Ayer, junto con un nuevo presidente cuyo discurso terminó con la frase “ustedes me quieren, pero yo los quiero un poquito más” (¿qué nuevas y extrañas palabras son esas para un gobernante mexicano?) la candidata Claudia Sheinbaum ganó la gubernatura de la Ciudad de México (ex-DF, como nos gusta remarcar a algunos nostálgicos). No ganó por ser mujer, puesto que contendía con otras cuatro mujeres, ganó –quizás- por mantener una firmeza política pocas veces vista en las carreras de quienes gustan del poder estatal. Firmeza, y esa rara certidumbre de que la incongruencia es parte del mundo, y también de la política. Errores asimilados, esfuerzos declarados públicamente, y una calma, que no frialdad, para escuchar y replantear las exigencias de una ciudad lastimada, en la miseria, y sobre todo la dificultad de una ciudad que incluye a Cuajimalpa, Iztapalapa y Coyoacán en la misma habitación, ¿qué tienen que ver esas tres delegaciones entre sí? Sospecho que Claudia Sheinbaum ganó porque los votantes desean otro tipo de diálogo y relación con los poderes políticos. Menos de la dependencia a la que el eterno priísimo nos acostumbró, y más sobre la posibilidad de acercarnos a ellos, y obligarnos todos a cuestionarnos/los. Si Claudia Sheinbaum no fue electa por ser mujer, entonces eso podría significar igualdad de género, e imaginar la naturalización de la igualdad de género es también una idea esperanzadora.
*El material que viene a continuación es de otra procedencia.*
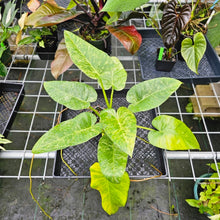 Load image into Gallery viewer, Philodendron Giganteum, Exact Plant Variegated
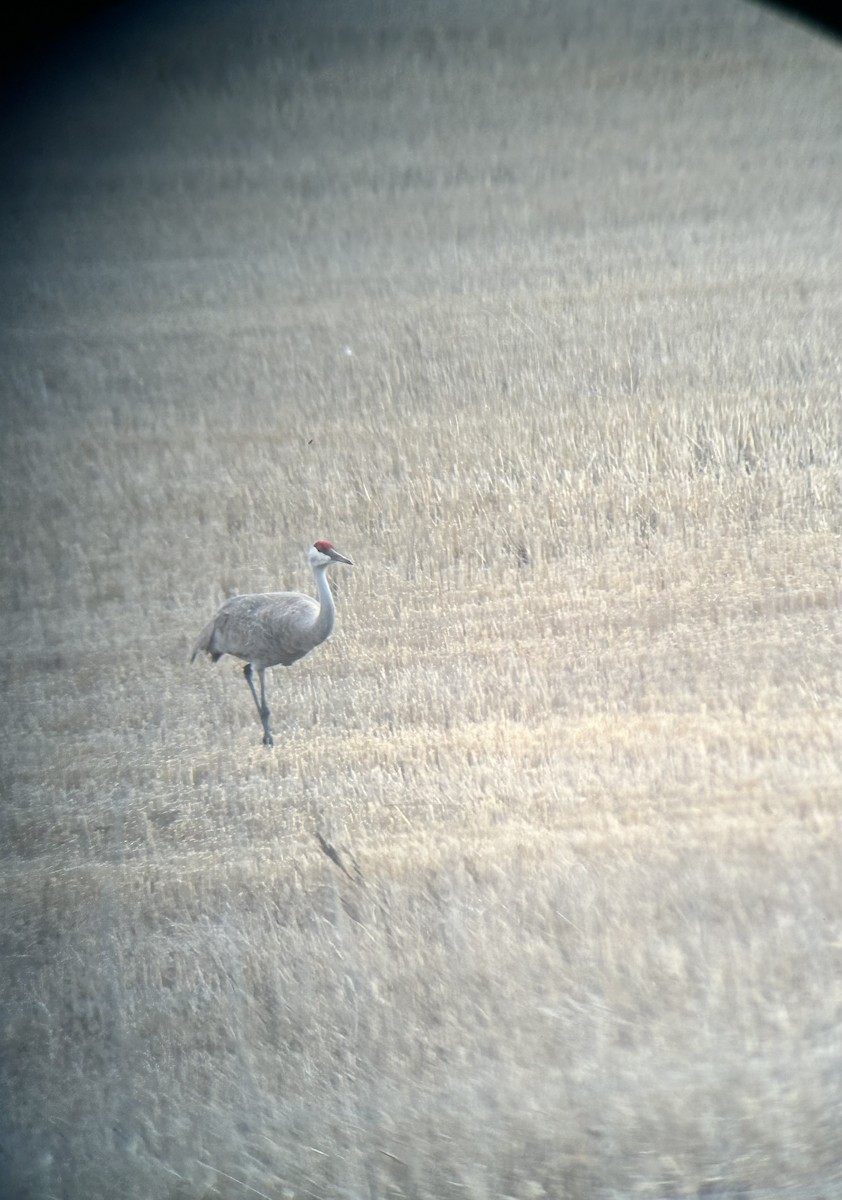 Sandhill Crane - ML617798907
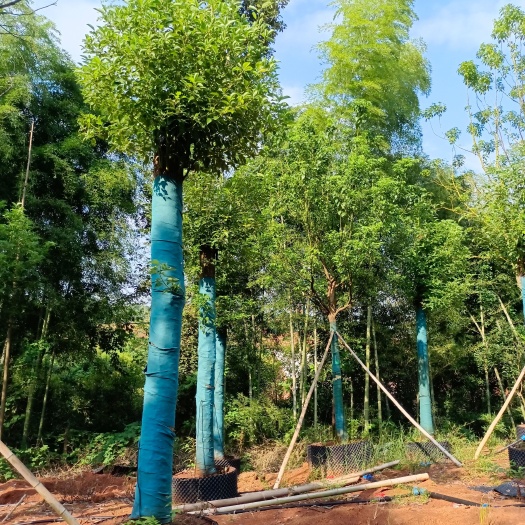 益阳 容器移植香樟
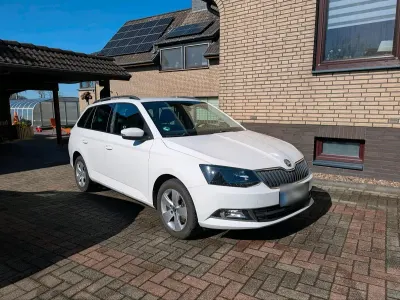 Brugt Skoda Fabia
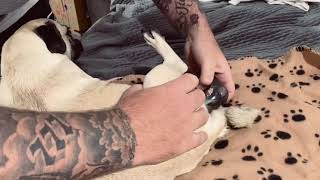 How to assist Whelping Pug peaceful home birth dog gives birth to 7 puppies time lapse tips [upl. by Bael824]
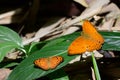 Small Leopard butterfly (Phalanta alcippe) and Common Yeoman but Royalty Free Stock Photo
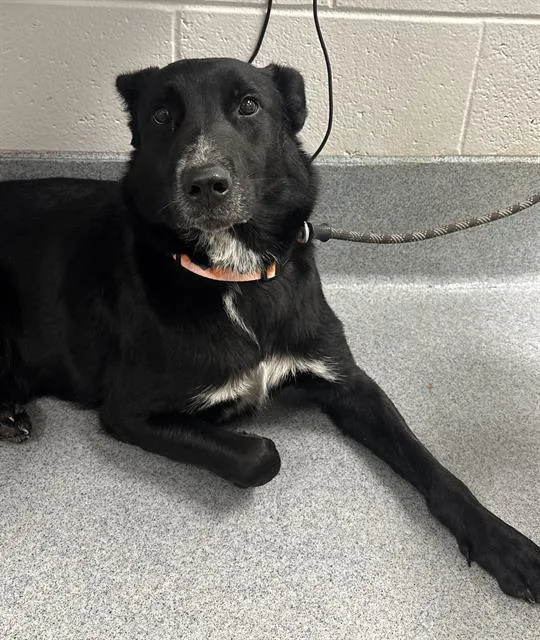 An adult medium-sized female German Shepherd Dog dog named Eponine for adoption in Indianapolis, IN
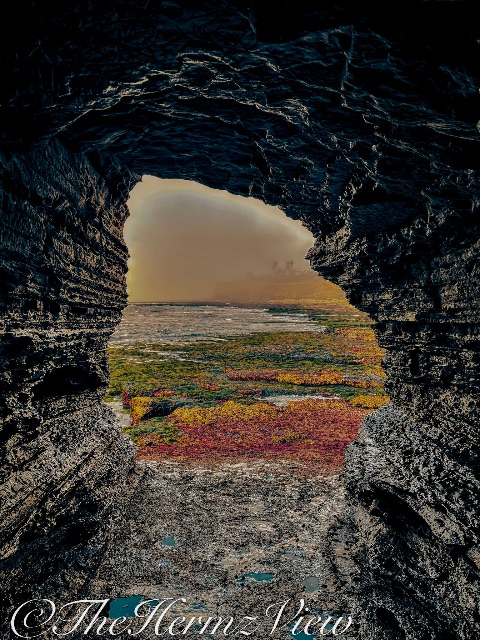 A view looking out from inside a dark, layered sea cave toward vibrant tide pools and hazy ocean cliffs.
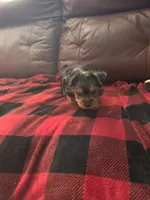 Baby Sally, a female Yorkshire Terrier for sale in Homestead, FL – 1 of 7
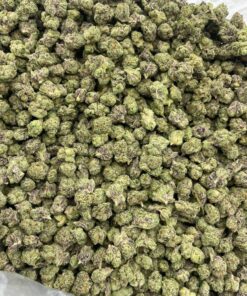 White Cherry Gelato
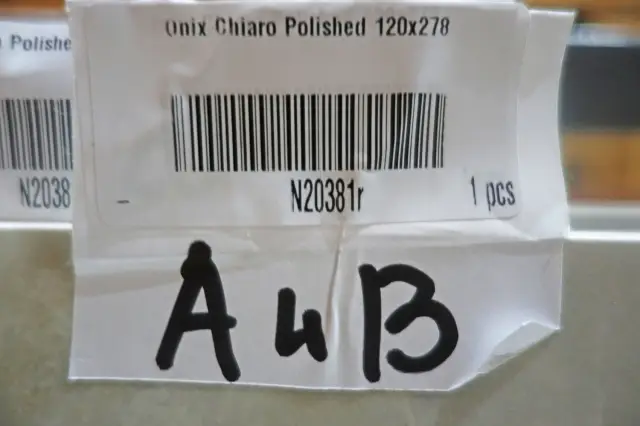 Onix Chiaro Polished 120x278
¿Qué resta hoy, 3 de julio? A mi parecer resta no esperar nada ni a nadie. Sonreír al de junto y dejar de temer que saque un arma o que aviente su auto contra nuestras bicicletas como suele suceder todos los días; seguir tomando las calles para decir, pero también para hacer y compartir y sentarse a platicar con ese/esa otra persona tan distinta de idioma, olor, color y de prendas. Y si podemos no vivir otra masacre, otro encarcelamiento injusto, otro cierre de un espacio cultural porque no “le llegó al precio”, pues entonces la elección habrá tenido sentido y la alegría que nació y se desbordó la noche del primero de julio podría ser una festividad anual.